Se diseñó un muestreo estratificado en la ciudad de Morelia, recolectándose 100 muestras de suelo superficial (0-6 cm) en época de sequía. Se determinaron parámetros magnéticos de concentración y tamaño de grano e índices de color cuantitativos basados en el sistema CIE-RGB (índice de matiz HI, rojez RI y saturación SI). Las concentraciones de metales (Fe, Li, Pb, Mn, V y Zn) se analizaron mediante ICP-OES. Se evaluó el nivel de contaminación a través del Factor de Contaminación (CF) y el Índice de Carga de Contaminación (PLI). El riesgo a la salud humana (adultos y niños) se estimó bajo la metodología de la USEPA. Finalmente, se aplicaron técnicas multivariadas (correlación de Spearman, PCA, K-means y regresión PLSR).
A nivel de toda la ciudad, la contaminación es de insignificante a moderada (PLI mediano < 1), con concentraciones que no superan el fondo geológico de referencia. Sin embargo, el Pb exhibe la mayor influencia antrópica, caracterizándose por una extrema heterogeneidad espacial (CV = 189%) y hotspots localizados de contaminación considerable (CF > 3). El análisis de factores rotados (Varimax) identificó tres procesos que controlan la variabilidad del suelo: 1) un factor litogénico/pedogénico (Fe, V, Mn, S200 e HI); 2) un factor de enriquecimiento metálico antrópico (Pb, Zn, SI y RI); y 3) un factor de concentración mineral magnética (IRM y Xlf).

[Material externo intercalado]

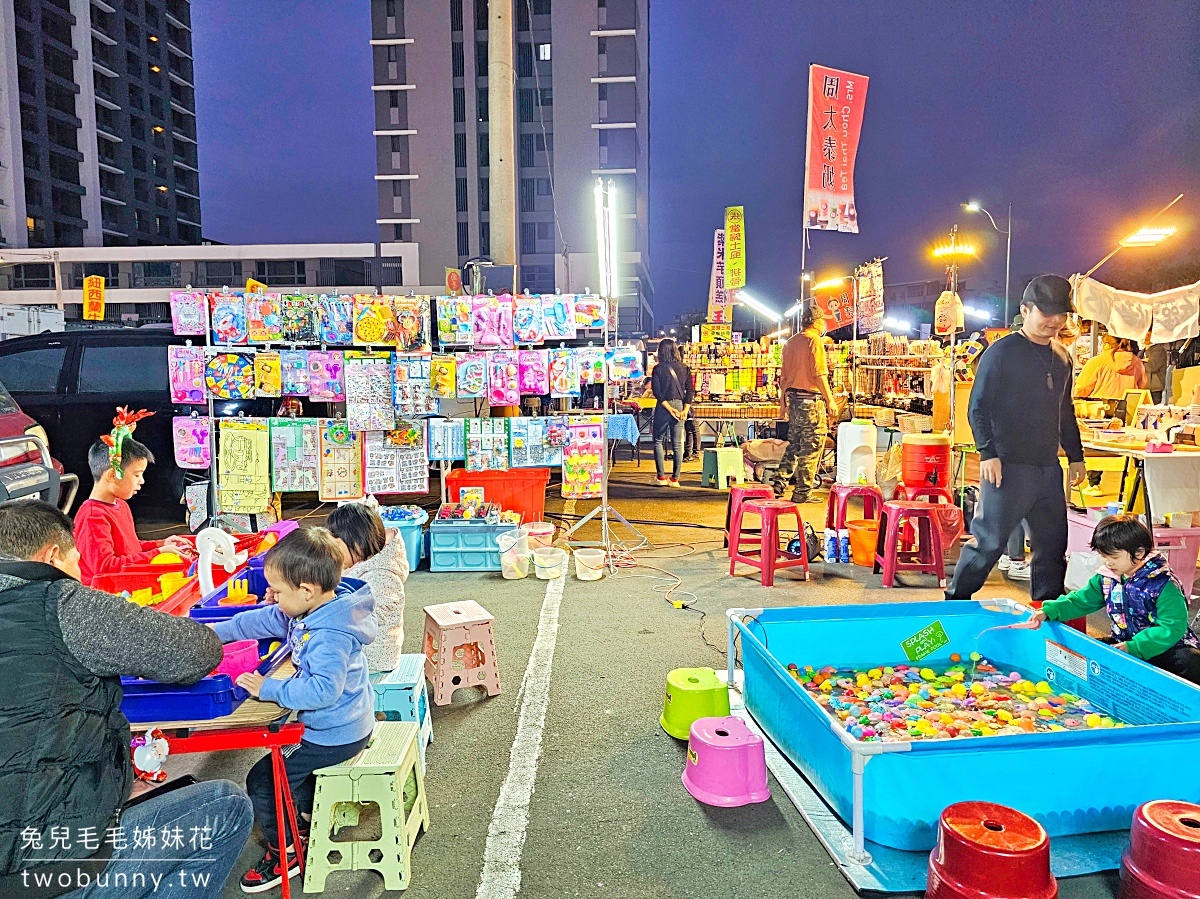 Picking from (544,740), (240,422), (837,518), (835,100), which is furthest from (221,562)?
(835,100)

El SI demostró ser el indicador óptico más sensible para identificar metales urbanos, correlacionando positivamente con Zn (r = 0.44) y Pb (r = 0.35), y negativamente con la susceptibilidad magnética Xlf (r = -0.52). Esto confirma que las partículas oscuras antropogénicas (como hollín o asfalto) deprimen la pureza y viveza cromática de los suelos. El modelado PLSR mostró una capacidad predictiva de débil a moderada para elementos litogénicos (Li, V, Fe). Respecto al riesgo no carcinogénico, aunque el índice de peligro acumulado (HI) se mantuvo por debajo del límite seguro (HI < 1), el riesgo para los niños superó el umbral de atención (HI > 0.1), siendo el Mn el mayor contribuyente debido a la influencia conjunta de fuentes geogénicas y de desgaste de infraestructura.
La integración de magnetismo ambiental y colorimetría cuantitativa es una herramienta de cribado eficaz y de bajo costo que permite mapear hotspots de contaminación urbana y estimar riesgos potenciales a la salud infantil.